Exercise materials
□ □ □
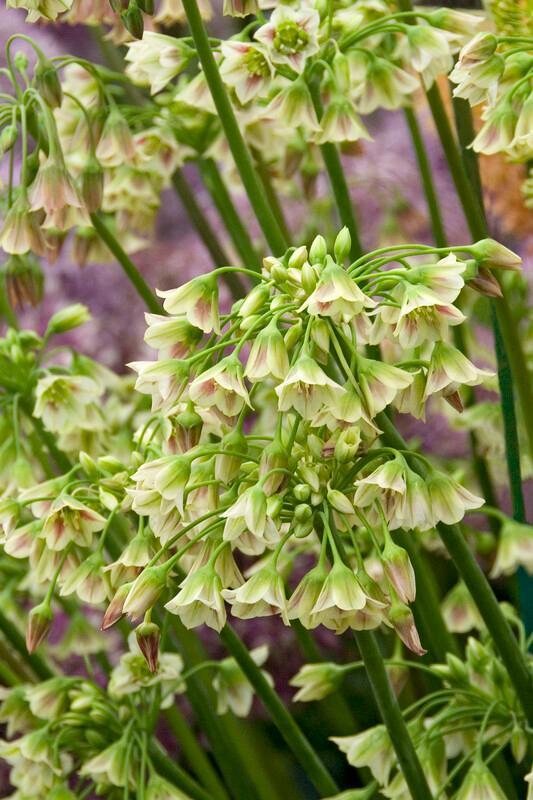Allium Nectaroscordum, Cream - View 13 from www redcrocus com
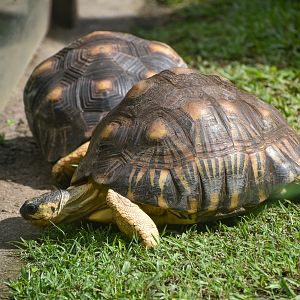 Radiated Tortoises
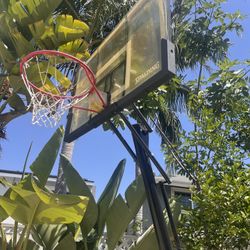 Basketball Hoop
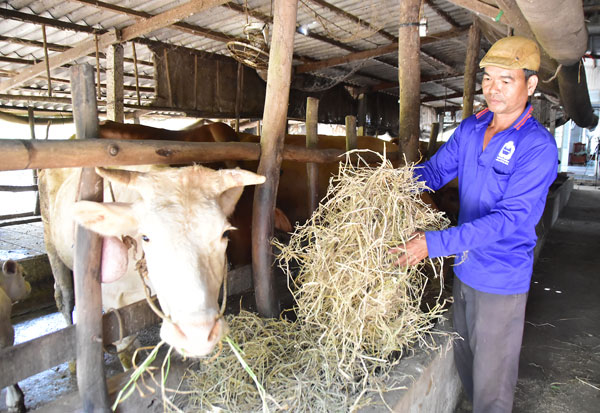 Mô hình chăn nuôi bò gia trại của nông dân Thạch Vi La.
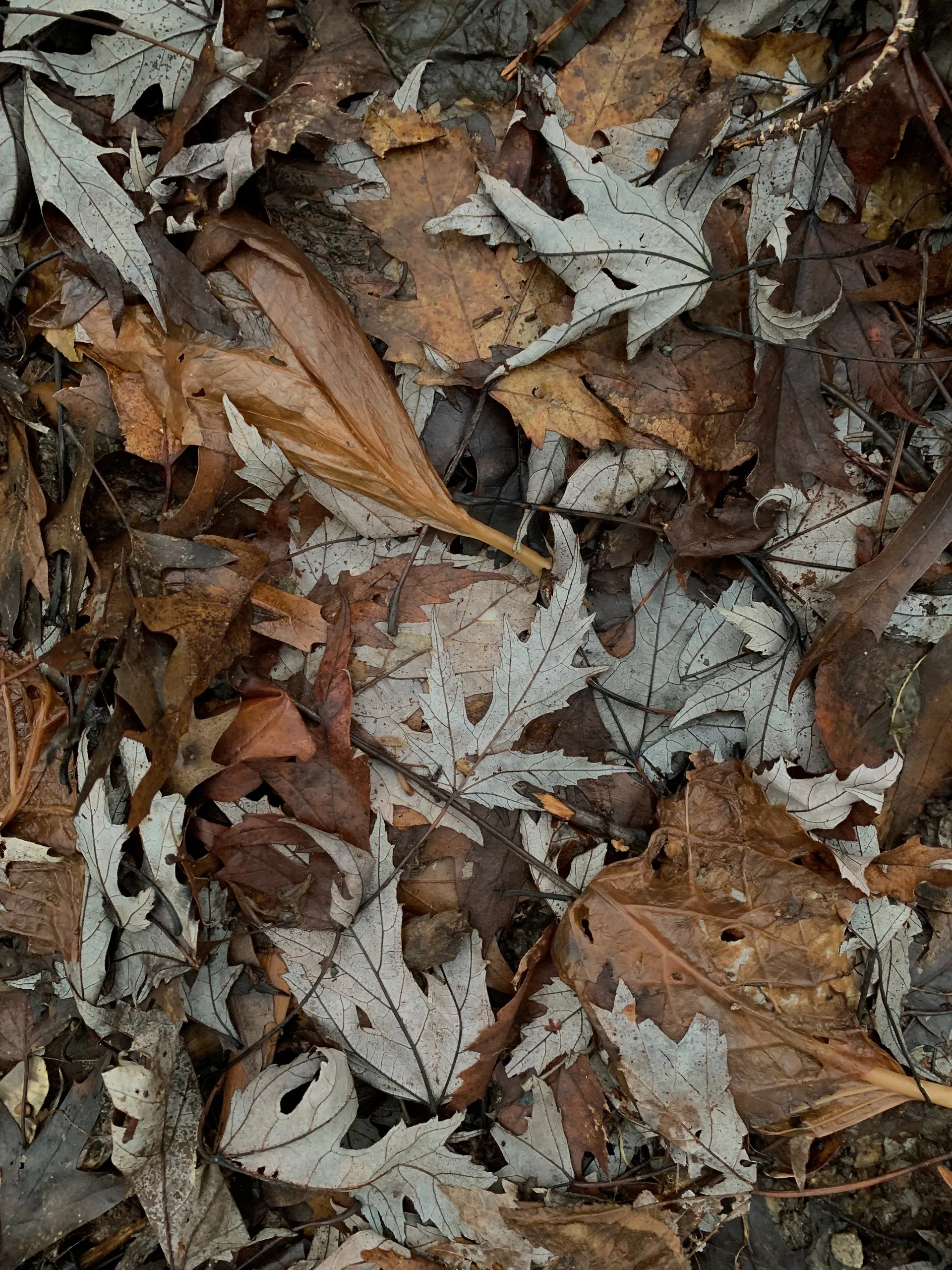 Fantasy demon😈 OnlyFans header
□ □ □
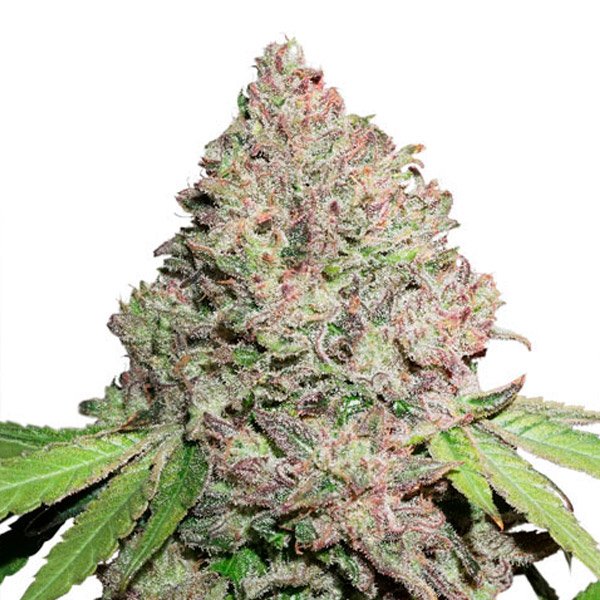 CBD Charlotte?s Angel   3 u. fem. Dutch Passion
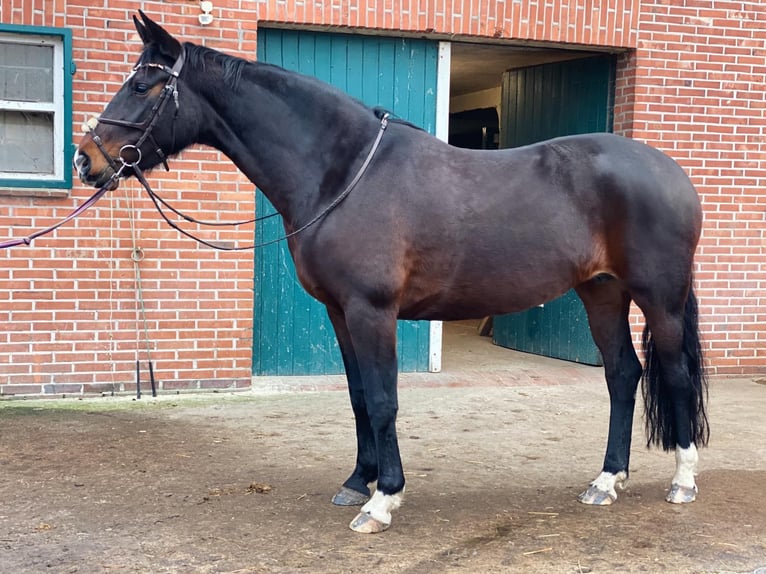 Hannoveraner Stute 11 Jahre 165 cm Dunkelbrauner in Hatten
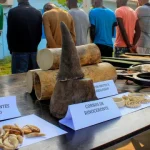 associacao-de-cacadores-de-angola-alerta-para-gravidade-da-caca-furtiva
□ □ □
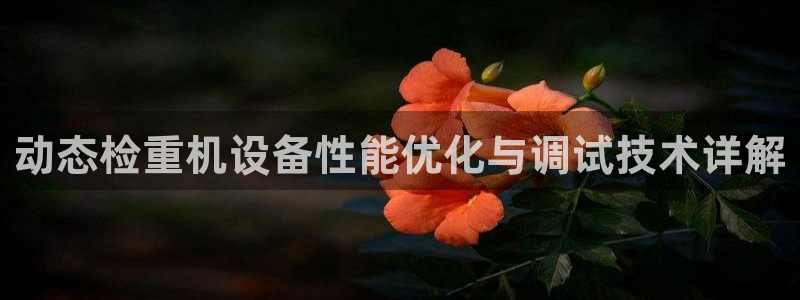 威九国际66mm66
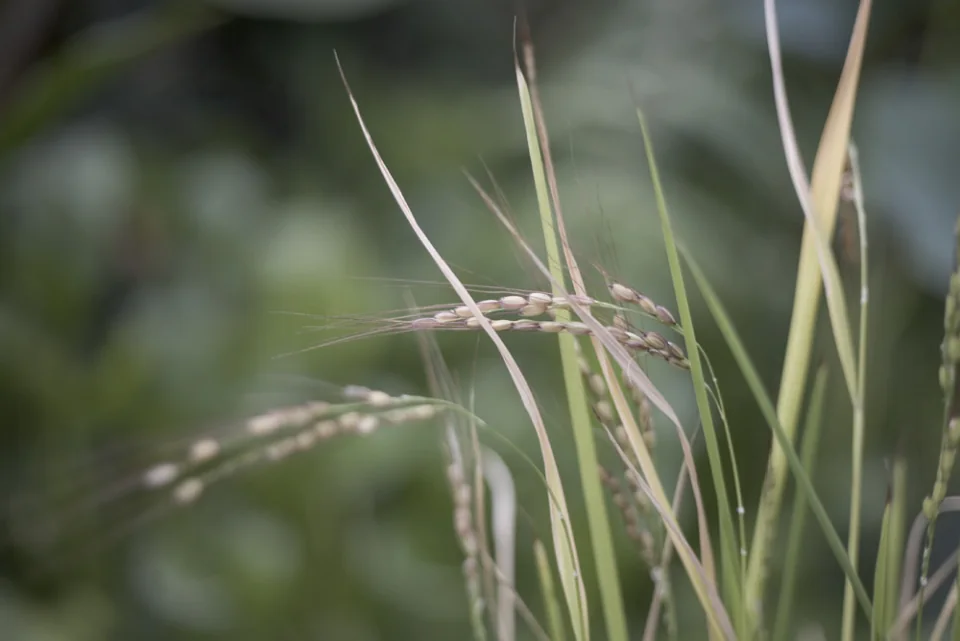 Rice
□ □ □
From the records above, give again only the part that opens with the line containing "Allium Nectaroscordum, Cream" and closes with the line containing "Fantasy demon😈 OnlyFans header". Keep both ends but drop the pictures.

Allium Nectaroscordum, Cream - View 13 from www redcrocus com
 Radiated Tortoises
 Basketball Hoop
 Mô hình chăn nuôi bò gia trại của nông dân Thạch Vi La.
 Fantasy demon😈 OnlyFans header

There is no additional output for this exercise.